Fauteur de troubles dans les troupeaux mais espèce protégée en France et en Europe, le loup alimente les débats et cristallise les fantasmes. De retour en France depuis l’Italie, il pose problème aux éleveurs et l’Etat peine à trouver des solutions adéquates pour contenir ses attaques. Mon quotidien autrement démêle le vrai du faux en six questions chrono.
Accusé de faire « des ravages dans nos campagnes » pour le Figaro, alors que leur effectif a diminué en Savoie, selon France 3 région, pendant que La Croix s’inquiète de leur « changement d’attitude » et de leur recrudescence… Difficile de savoir à quoi s’en tenir ! Sur place, communes, autorités diverses et délégations locales s’organisent pour mieux les repérer, comprendre leur développement et mieux l’encadrer.
Les loups coûtent cher
VRAI. Au fur et à mesure des années, le bilan s’alourdit concernant les dégâts causés par les loups. Le nombre de victimes par an d’abord (des moutons à 95%) a été multiplié par 4,5 entre 2000 et 2013, année pendant laquelle on a recensé 6786 bêtes tuées. Les attaques gagnent également du terrain : le nombre de zones concernées est passé de 310 unités pastorales en 2008 à 450 en 2011. Face à la situation, le désarroi des éleveurs est grand.

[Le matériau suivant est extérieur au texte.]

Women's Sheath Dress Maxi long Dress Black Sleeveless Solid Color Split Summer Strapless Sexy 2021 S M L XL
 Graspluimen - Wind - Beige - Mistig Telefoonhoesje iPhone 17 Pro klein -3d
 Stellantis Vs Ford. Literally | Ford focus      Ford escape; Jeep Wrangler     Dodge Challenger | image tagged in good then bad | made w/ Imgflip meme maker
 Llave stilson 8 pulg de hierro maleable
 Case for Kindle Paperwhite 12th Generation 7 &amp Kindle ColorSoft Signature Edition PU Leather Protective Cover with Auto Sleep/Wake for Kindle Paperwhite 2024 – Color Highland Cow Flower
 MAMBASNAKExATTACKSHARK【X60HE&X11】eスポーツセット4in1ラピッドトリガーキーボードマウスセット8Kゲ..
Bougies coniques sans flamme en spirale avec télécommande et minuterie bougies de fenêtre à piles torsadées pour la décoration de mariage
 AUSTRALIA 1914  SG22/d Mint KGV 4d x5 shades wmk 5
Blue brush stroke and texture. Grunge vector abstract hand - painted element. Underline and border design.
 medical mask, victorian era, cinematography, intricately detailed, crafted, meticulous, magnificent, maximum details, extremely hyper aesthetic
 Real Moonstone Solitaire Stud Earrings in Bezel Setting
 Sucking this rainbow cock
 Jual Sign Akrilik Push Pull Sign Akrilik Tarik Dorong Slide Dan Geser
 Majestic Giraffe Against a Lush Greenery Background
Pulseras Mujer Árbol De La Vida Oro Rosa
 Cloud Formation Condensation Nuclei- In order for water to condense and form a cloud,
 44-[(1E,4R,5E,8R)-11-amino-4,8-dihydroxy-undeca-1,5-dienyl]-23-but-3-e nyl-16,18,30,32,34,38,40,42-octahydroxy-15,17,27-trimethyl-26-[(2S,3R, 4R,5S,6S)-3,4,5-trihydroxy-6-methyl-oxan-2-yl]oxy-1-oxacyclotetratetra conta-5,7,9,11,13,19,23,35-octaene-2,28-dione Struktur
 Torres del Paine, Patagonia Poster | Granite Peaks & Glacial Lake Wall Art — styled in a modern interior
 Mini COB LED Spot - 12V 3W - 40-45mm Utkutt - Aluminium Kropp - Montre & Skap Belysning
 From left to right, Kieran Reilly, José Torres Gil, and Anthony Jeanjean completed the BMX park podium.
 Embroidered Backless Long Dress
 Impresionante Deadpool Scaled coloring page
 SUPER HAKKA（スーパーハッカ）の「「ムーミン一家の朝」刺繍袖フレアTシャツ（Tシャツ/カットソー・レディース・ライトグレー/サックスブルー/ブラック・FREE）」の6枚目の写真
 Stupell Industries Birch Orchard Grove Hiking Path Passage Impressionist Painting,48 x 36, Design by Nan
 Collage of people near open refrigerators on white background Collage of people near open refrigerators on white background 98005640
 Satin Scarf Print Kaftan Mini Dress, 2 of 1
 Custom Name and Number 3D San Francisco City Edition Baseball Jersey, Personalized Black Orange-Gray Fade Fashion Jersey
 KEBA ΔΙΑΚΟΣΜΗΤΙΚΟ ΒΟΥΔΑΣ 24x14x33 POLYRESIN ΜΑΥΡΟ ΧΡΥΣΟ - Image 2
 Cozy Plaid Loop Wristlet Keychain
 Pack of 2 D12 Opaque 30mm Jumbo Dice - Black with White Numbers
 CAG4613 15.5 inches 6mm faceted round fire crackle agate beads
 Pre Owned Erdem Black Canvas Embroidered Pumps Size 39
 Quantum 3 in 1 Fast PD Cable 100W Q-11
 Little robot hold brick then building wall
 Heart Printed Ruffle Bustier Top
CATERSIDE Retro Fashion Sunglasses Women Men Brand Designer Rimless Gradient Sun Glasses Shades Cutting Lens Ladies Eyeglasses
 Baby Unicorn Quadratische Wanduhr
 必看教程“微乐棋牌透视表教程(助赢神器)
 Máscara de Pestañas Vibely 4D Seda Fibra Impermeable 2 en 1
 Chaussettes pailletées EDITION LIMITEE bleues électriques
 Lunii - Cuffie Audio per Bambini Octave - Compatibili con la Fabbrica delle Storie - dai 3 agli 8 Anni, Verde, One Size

Des mesures de protection et d’indemnisation ont été mises en place. Multipliées par 3 depuis 2004, elles ont atteint 2,5 M€ en 2014 (source). Cependant, Laurent Garde, directeur adjoint du CERPAM (Centre d’études et de réalisations pastorales Alpes Méditerranée), estime que sur 120 bêtes mortes, 100 seront déclarées par les éleveurs et 80 seront indemnisées.
Les loups véhiculent d’autres problèmes qui sont plus difficilement quantifiables. Le stress des attaques peut causer des cas d’avortements sur les ovins, parfois dramatiques selon Hubert Germain, vétérinaire et spécialiste du problème. Et la multiplication des « patous », ces chiens de bergers, pour protéger les troupeaux entraînent l’augmentation de contamination des brebis par des bactéries auxquelles elles sont peu résistantes.
On peut savoir avec certitude qu’une attaque a été causée par un loup
NON. Les indemnisations ne sont pas faites au hasard. Dès qu’une suspicion d’attaque est signalée par un éleveur, une procédure basée sur la réalisation d’un constat systématique est effectuée et, après la conclusion technique « cause de mortalité liée à une prédation, responsabilité du loup non exclue », la victime est indemnisée. Autrement dit, on ne peut pas savoir à 100% si un mouton a été dévoré par un loup mais le processus d’indemnisation est assez souple pour qu’un éleveur reçoive quand même de l’argent en cas de suspicion.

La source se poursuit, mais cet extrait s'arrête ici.